Treatment during the puerperium
On the first few days, use maternity pads provided by the hospital, if you don’t have them at home, buy more when you get home. After lochia starts to decrease, you can change the size of maternity pads with the usual size. Do not use a tampon for at least 6 weeks, because its use can increase the risk of infection in your vagina and recovering uterus.

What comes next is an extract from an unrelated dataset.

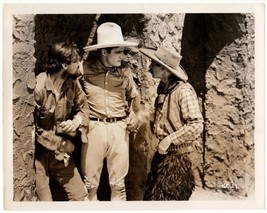 KING COWBOY (1928) Tom Mix &amp; Sally Blane Silent Film Western Vintage Original #6 - £27.97 GBP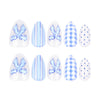 12 Sizes-24 Pcs Press On Nails JP4302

Frequent urination is also the normal case for the mother after giving birth. On the first few days after giving birth, the bladder will become less sensitive than usual so it may not feel like peeing even though the bladder is full. Besides, a full bladder makes the uterus more difficult to wrinkle, causing more pain and bleeding. You should try resting as much as you can. If it is too excessive, it can experience longer bleeding or begin to experience bleeding again after lochia is bright or missing. If bright red spots appear after lochia is bright, this can be a sign that you must be careful. If you continue to experience spotting after stopping for several days, consult a doctor or midwife. Don’t delay to contact your doctor if the bleeding is getting heavier, or if you find these cases:
- Lochia is still bright red 4 days after giving birth to a baby.
- Lochia has a bad odor or is accompanied by fever or cold.
- Having abnormal heavy bleeding (filling the pads in 1 hour) or removing blood clots that are larger than the size of a golf ball. This can be a sign of postpartum secondary bleeding (late postpartum hemorrhage).
Immediately go to the hospital if you experience very much bleeding or fall unconscious. Bleeding can threaten safety, so you need to be hospitalized until the bleeding stops. The doctor will examine and begin to infuse to give fluids, drugs to help the uterus contract, and possibly antibiotics. Ultrasound will be performed to see if the placental layer is still present in the uterus. If it is still there, the doctor needs to carry out a surgical procedure called dilation and curettage (D & C) to remove it. In extreme cases, if all attempts to overcome the bleeding fail, you need to undergo a hysterectomy (removal of the uterus).